- _Aim of the task_
Your answer must match the data word for word.

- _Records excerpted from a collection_
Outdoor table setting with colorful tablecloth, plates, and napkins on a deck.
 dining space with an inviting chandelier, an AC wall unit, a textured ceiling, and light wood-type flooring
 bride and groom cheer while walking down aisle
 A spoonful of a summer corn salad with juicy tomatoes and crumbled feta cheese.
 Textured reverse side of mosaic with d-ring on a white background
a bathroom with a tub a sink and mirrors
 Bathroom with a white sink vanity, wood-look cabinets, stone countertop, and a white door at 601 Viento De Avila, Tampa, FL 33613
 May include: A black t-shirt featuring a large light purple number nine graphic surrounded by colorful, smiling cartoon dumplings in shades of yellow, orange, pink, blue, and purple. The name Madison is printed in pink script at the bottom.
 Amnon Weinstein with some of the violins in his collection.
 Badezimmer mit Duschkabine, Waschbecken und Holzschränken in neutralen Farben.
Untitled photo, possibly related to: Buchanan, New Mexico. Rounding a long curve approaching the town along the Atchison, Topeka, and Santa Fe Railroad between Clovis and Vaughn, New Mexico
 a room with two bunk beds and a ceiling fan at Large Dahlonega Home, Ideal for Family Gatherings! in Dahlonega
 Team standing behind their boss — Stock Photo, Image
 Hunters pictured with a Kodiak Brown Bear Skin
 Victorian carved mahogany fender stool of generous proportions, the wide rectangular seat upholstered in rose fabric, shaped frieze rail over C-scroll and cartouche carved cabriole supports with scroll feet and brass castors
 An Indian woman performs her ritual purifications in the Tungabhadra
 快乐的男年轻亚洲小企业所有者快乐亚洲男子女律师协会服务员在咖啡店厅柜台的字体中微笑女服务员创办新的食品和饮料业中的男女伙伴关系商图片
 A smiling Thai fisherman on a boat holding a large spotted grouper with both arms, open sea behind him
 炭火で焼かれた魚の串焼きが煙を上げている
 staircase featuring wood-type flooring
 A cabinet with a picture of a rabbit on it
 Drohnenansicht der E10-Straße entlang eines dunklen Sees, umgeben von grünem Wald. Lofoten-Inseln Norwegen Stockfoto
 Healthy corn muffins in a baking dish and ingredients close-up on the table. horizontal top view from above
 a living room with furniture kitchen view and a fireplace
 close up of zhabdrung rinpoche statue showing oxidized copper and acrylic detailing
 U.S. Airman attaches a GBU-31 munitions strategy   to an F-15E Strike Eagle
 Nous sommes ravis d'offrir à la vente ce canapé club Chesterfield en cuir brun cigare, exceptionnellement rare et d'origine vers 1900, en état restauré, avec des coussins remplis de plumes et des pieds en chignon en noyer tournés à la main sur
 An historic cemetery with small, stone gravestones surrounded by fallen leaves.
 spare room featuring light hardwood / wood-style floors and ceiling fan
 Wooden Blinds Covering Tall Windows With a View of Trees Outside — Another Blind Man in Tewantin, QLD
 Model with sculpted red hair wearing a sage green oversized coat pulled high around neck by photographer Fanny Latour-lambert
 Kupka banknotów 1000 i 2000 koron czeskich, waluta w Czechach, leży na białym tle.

- _Solved problem_
Outdoor table setting with colorful tablecloth, plates, and napkins on a deck.
 dining space with an inviting chandelier, an AC wall unit, a textured ceiling, and light wood-type flooring
 bride and groom cheer while walking down aisle
 A spoonful of a summer corn salad with juicy tomatoes and crumbled feta cheese.
 Textured reverse side of mosaic with d-ring on a white background
a bathroom with a tub a sink and mirrors
 Bathroom with a white sink vanity, wood-look cabinets, stone countertop, and a white door at 601 Viento De Avila, Tampa, FL 33613
 May include: A black t-shirt featuring a large light purple number nine graphic surrounded by colorful, smiling cartoon dumplings in shades of yellow, orange, pink, blue, and purple. The name Madison is printed in pink script at the bottom.
 Amnon Weinstein with some of the violins in his collection.
 Badezimmer mit Duschkabine, Waschbecken und Holzschränken in neutralen Farben.
Untitled photo, possibly related to: Buchanan, New Mexico. Rounding a long curve approaching the town along the Atchison, Topeka, and Santa Fe Railroad between Clovis and Vaughn, New Mexico
 a room with two bunk beds and a ceiling fan at Large Dahlonega Home, Ideal for Family Gatherings! in Dahlonega
 Team standing behind their boss — Stock Photo, Image
 Hunters pictured with a Kodiak Brown Bear Skin
 Victorian carved mahogany fender stool of generous proportions, the wide rectangular seat upholstered in rose fabric, shaped frieze rail over C-scroll and cartouche carved cabriole supports with scroll feet and brass castors
 An Indian woman performs her ritual purifications in the Tungabhadra
 快乐的男年轻亚洲小企业所有者快乐亚洲男子女律师协会服务员在咖啡店厅柜台的字体中微笑女服务员创办新的食品和饮料业中的男女伙伴关系商图片
 A smiling Thai fisherman on a boat holding a large spotted grouper with both arms, open sea behind him
 炭火で焼かれた魚の串焼きが煙を上げている
 staircase featuring wood-type flooring
 A cabinet with a picture of a rabbit on it
 Drohnenansicht der E10-Straße entlang eines dunklen Sees, umgeben von grünem Wald. Lofoten-Inseln Norwegen Stockfoto
 Healthy corn muffins in a baking dish and ingredients close-up on the table. horizontal top view from above
 a living room with furniture kitchen view and a fireplace
 close up of zhabdrung rinpoche statue showing oxidized copper and acrylic detailing
 U.S. Airman attaches a GBU-31 munitions strategy   to an F-15E Strike Eagle
 Nous sommes ravis d'offrir à la vente ce canapé club Chesterfield en cuir brun cigare, exceptionnellement rare et d'origine vers 1900, en état restauré, avec des coussins remplis de plumes et des pieds en chignon en noyer tournés à la main sur
 An historic cemetery with small, stone gravestones surrounded by fallen leaves.
 spare room featuring light hardwood / wood-style floors and ceiling fan
 Wooden Blinds Covering Tall Windows With a View of Trees Outside — Another Blind Man in Tewantin, QLD
 Model with sculpted red hair wearing a sage green oversized coat pulled high around neck by photographer Fanny Latour-lambert
 Kupka banknotów 1000 i 2000 koron czeskich, waluta w Czechach, leży na białym tle.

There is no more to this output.